Mi lancio in un bar e prendo due bottigliette d'acqua, una per me e una per la mamma. Mi avvicino alla macchina, gliela porgo e le dico "please, drink". Poi con tutto il coraggio e la convinzione di questo mondo, trattenendo le lacrime, le dico "don't worry, we're in Naples. Someone will find him and bring him to you." E ci credo. Ci credevo fortemente. L'ansia mi mangiava viva ma ne ero sicura. Napoli non mi ha mai dato tanta sicurezza come stamattina, mentre cercavo il bambino. Ho detto quella frase e la madre mi ha guardato come chi ti darebbe la vita, in quel momento, pur di credere al tuo tono rassicurante. È durato un secondo. Forse meno. Forse non parlava nemmeno inglese come il marito. Qualcuno ha richiamato con forza la sua attenzione, il bambino era lì. Lo avevano trovato, al porto, lontanissimo da dove stavamo cercando.

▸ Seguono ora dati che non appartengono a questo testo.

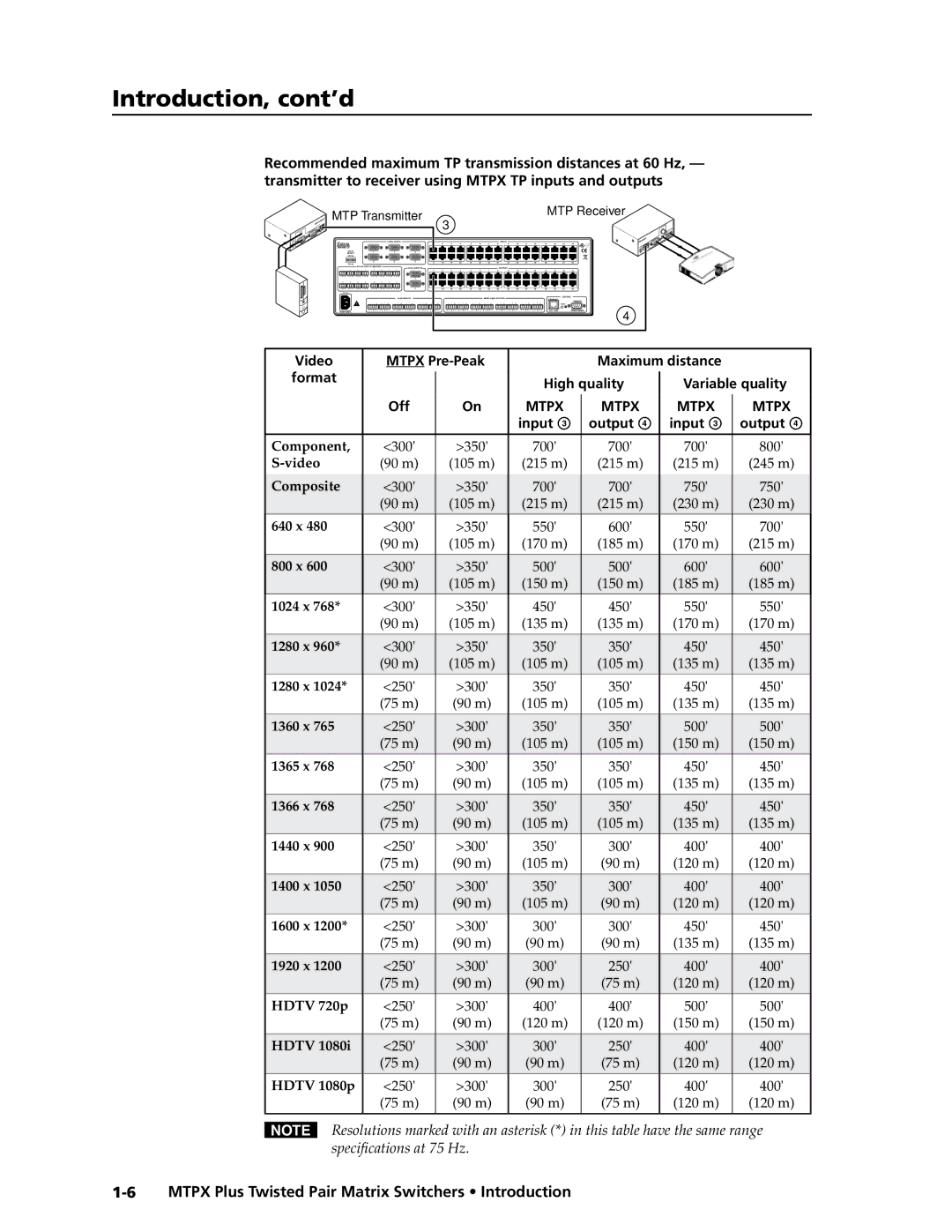 Extron electronic MTPX Plus Series manual Mtpx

Il bambino sorrideva, dopo aver visto la madre e sentito tutta la sua disperazione in un abbraccio piangevano assieme. Piangevo anch'io, piangevano altre donne, e stringevo la mano di Francesco che era rimasto per tutto il tempo tranquillo nel suo passeggino, su e giù per via Toledo. Sono partiti applausi, grida, sospiri di sollievo. Tanti consigli non richiesti, soprattutto in napoletano, dai vigili, i poliziotti, il venditore ambulante, la vecchia che poco prima cercava di calmarli. Sono letteralmente scappati e la folla velocemente si è diradata per tornare alla propria vita.
Esausta, ho preso un taxi per tornare.
Il tassista ignorava quello che era successo, un settantenne nonno di 6 nipoti. Mi ha parlato di loro per tutto il tragitto,traboccante d'amore e orgoglio.
Anche questo è Napoli.
E oggi, bella Napoli, ti voglio proprio bene.